かたつむり学舎のぶろぐ

本業か趣味か、いづれもござれ。教育、盆栽、文学、時々「私塾かたつむり学舎」のご紹介。

盆・再考 波平さんを想う

「盆栽とは?」と世の中の人々に問いかけるとします。大方の人はやはり、おじいちゃんの趣味、あるいは直感的に「波平さん!」と応えることでしょう。波平さんが日当たりの良い縁側で、松の盆栽をチョキチョキしている。
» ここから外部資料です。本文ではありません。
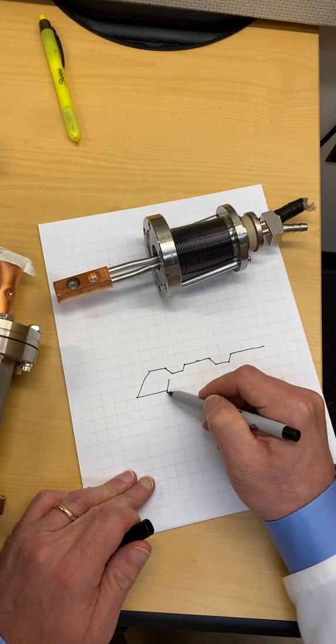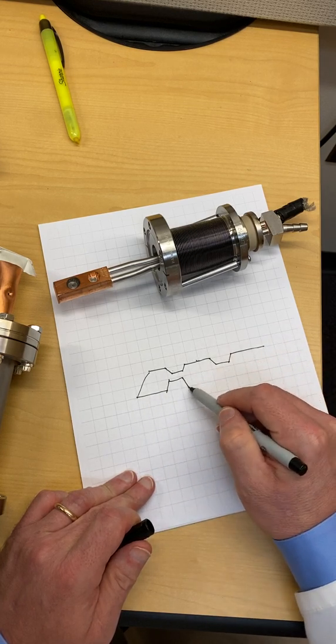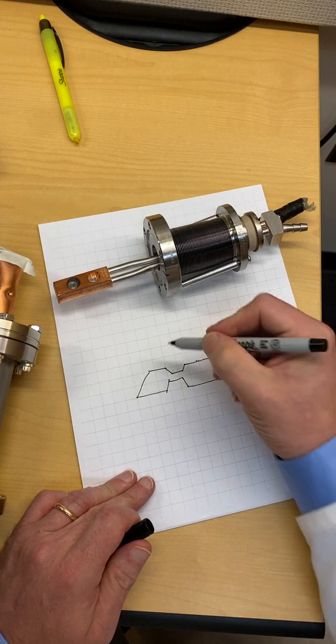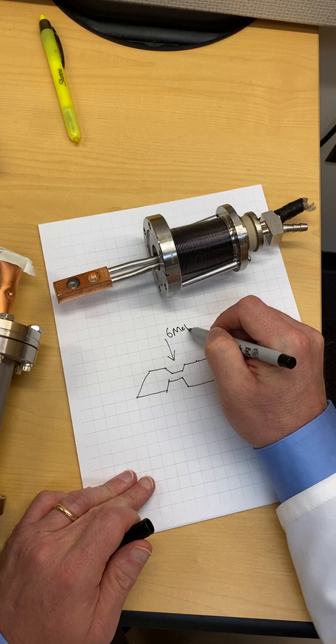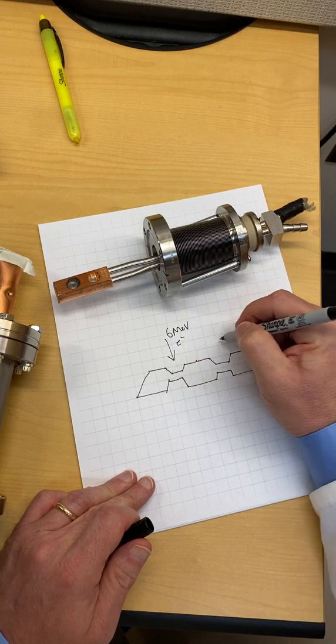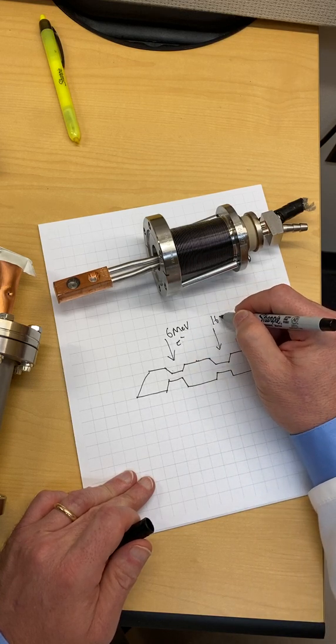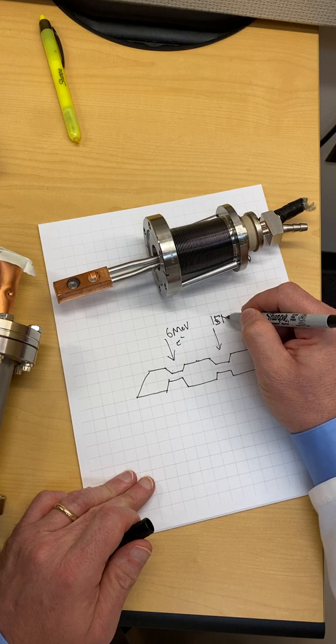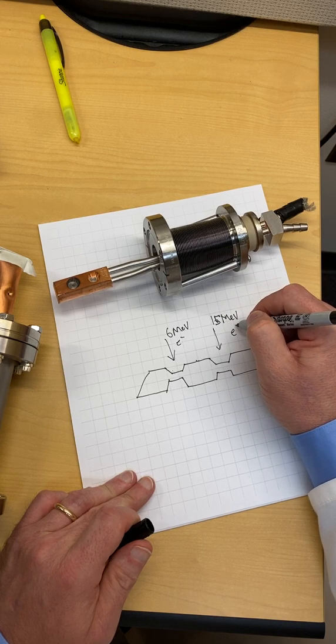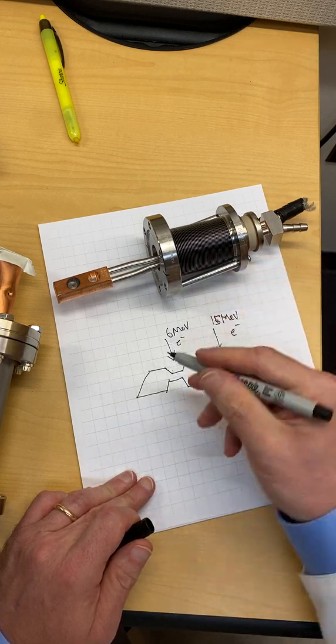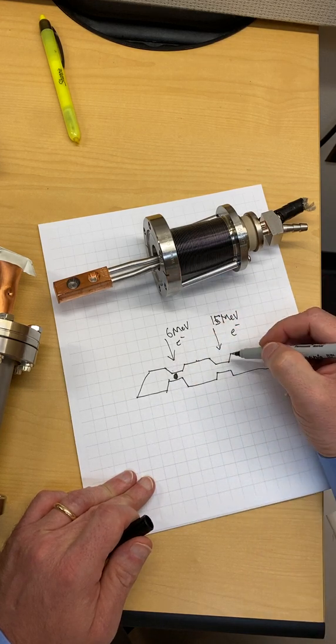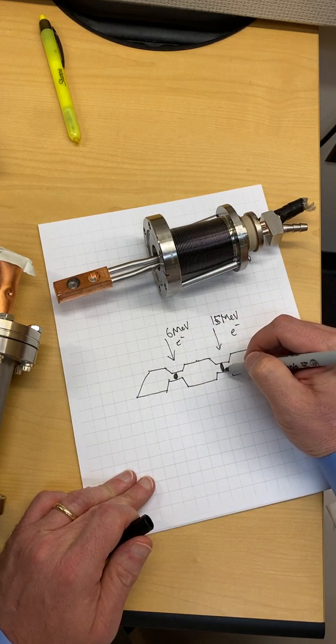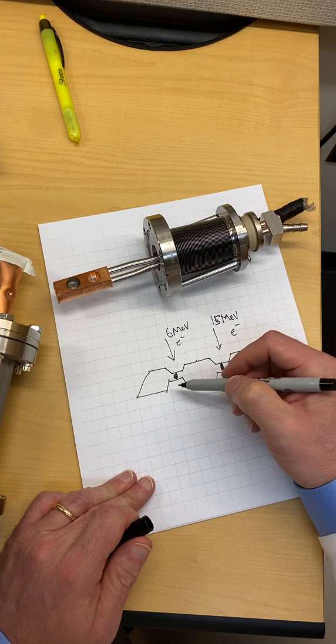So this would be 6 MeV electron beam coming in and this side would have a 15 MeV electron beam coming in here hitting these targets. The electrons would completely stop in here. The 15 one needs a little extra space. The electrons completely stop in there.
たまにカツオ君が野球ボールで棚場の鉢をかち割って、それを何とか隠蔽しようとして失敗して益々大目玉を食らう、というのがわが国において最も人口に膾炙された、盆栽のある風景の一コマではないでしょうか。
 なるほど波平さんは禿茶瓶で、着物だって渋いし、チョビ髭だったりして、それこそ盆栽はハッピー・リタイアメントした団塊世代特有の持ち物である観が強いものです。しかし、よくよく考えると波平さんはまだ会社勤めもしているし、下の娘だってまだ小三の現役パパ。因みにあの縁側で松をチョキチョキやるのだって、実を言うと年に一回きりの「芽切り」なる作業だったりするわけで、盆栽愛好家ならば、「お! 芽切りやってるな!」と食いつく、重要なシーンであったりするわけです。
 何が言いたいのかと申しますと、この波平さんの盆栽ライフから分かるように、盆栽は決して年配だけが楽しむものではなく、仕事をしながらだって十分に楽しめるものなのです。かつての盆栽ブームを支えたのは、この波平さんに代表される当時現役バリバリの団塊世代でした。その方々が変わらぬ情熱を注ぎ続けてきたからこそ、「盆栽」という文化が廃れることなく今を生きているのだと、私は思うのです。
 日曜の度、同好会の盆栽用具を愛車の軽トラックに積んで出かけてゆく私に、妻はあきれておるやも知れないけれど、たかが趣味、されど文化のバトンを渡されたからには、私もまた次の世代へこれを繋いでゆかねばならぬのです。止めるな妻よ(別に止めてはいないけど)走れやトラック。来たれ新たな入会者!